Baseado no mangá homônimo de Yoshitoki Oima, “A Voz do Silêncio” é um longa animado produzido em 2016 pelo estúdio Kyoto Animation. Ele conta uma história de bullying, mas o que pode aparentar ser um melodrama sobre a destruição psicológica que uma vítima desse tipo de ataque pode ter, se revela uma bela obra sobre comunicação, culpa, perdão e depressão.

Disponível na Netflix, a história começa quando Shoko (Saori Hayami) chega na sala de aula da nova escola para onde se transferiu. Ao se apresentar, se revela surda, pedindo aos colegas que usem um caderno para se comunicar com ela, e compartilha que está feliz e empolgada perante as potenciais oportunidades e amizades. Um dos meninos da sala é Ishida (Miyu Irino), que vê nela um alvo fácil para brincadeiras de mal gosto e passa a zombar da condição da menina, caçoando sua maneira de falar e até mesmo arrancando os preciosos – e caros – aparelhos de auxílio auditivo.

Aqui já cabe elogios a um dos grandes acertos do filme. A maneira como ilustra que algo que começa como uma simples “brincadeira” pode galgar níveis mais sérios muito rapidamente é desconcertantemente real, principalmente ao ilustrar a crueldade com que adolescentes podem tratar seus colegas, muito disso advindo de pressões sociais para se enturmarem. Qualquer um que já esteve numa situação similar consegue se identificar.

Este ponto de partida vem logo após um flash forward, onde vemos o protagonista, uns anos mais velho, contemplando o suicídio, e mostra algo que já pode pegar o espectador de surpresa quando lê a sinopse do longa. O foco do filme é no agressor, não na vítima. Ao não tratar dele como um vilão malvado unidimensional, mas sim como um humano cheio de camadas e falhas, logo se estabelece uma conexão com alguém que está profundamente traumatizado pelo mal que causou.

O bullying que ele causa chega num ponto em que o professor – relapso quanto às agressões e lidando com a situação de maneira simplória e errônea – acaba apontando o dedo para Ishida como único culpado, fazendo com que o resto da turma se volte contra ele, fazendo com que ele sinta na pele o que causou e ilustrando como jovens podem se voltar uns contra os outros muito facilmente quando não são preparados para lidar com sentimentos complexos sobre si próprios.

Logo, o filme pega a plateia pela sua própria hipocrisia. É bem provável que o sentimento inicial de que ele merece sofrer pelo que fez venha, mas ao ver Ishida sofrer o bullying que tanto praticou e sentir satisfação por isso, será que também o espectador não agiria de maneira igualmente desumana? Com a montagem alternando entre pontos na linha do tempo, vemos o protagonista isolado e em depressão, incapaz de formar conexões com outros humanos, consumido pela vergonha, culpa e medo de sofrer mais. É uma obra que leva a autoanálise.

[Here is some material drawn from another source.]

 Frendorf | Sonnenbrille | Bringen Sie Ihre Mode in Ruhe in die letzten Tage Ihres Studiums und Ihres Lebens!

Ao mesmo tempo, o longa mostra os efeitos das agressões em Shoko. Constantemente pedindo desculpas, ela se sente culpada por não poder ouvir e também começa a mergulhar numa dor de si própria absolutamente injusta. A maneira com o que o filme consegue trabalhar tanto sofrimento sem ficar melodramático é louvável, é tudo tão real e palpável que as dores são facilmente compartilhadas por empatia.

Devastado pela culpa, Ishida procura redenção. Ele começa a aprender linguagem de sinais na esperança de se comunicar com Shoko e levar positividade para sua vida. Isso não é nada fácil para ele, que parece nunca ter aprendido a se comunicar com outros se não fosse por meio de zombaria. Agora precisa disso e não só não sabe o que fazer, ele não tem nem certeza se merece conexões humanas ou simples diversão. O próprio diz que não sabe o que “amizade” significa, e em seu arco narrativo, sua busca por uma resposta não falha em emocionar.

Há artifícios visuais interessantes. Ishida vê as outras pessoas com um X na cara, uma maneira de ilustrar sua incapacidade de se conectar com outros. Parece um artifício exagerado no começo, mas vai sendo tão bem usado e resulta numa cena final com impacto tão grande que vale a pena. Outro acerto da diretora Naoko Yamada é a boa variação de planos, ao mesmo tempo oferecendo dinamismo visual e espelhando os sentimentos de Ishida. Depressivo e envergonhado, ele só olha para o chão, e há momentos em que se acompanha o mundo por sua perspectiva, colocando o espectador em seu lugar.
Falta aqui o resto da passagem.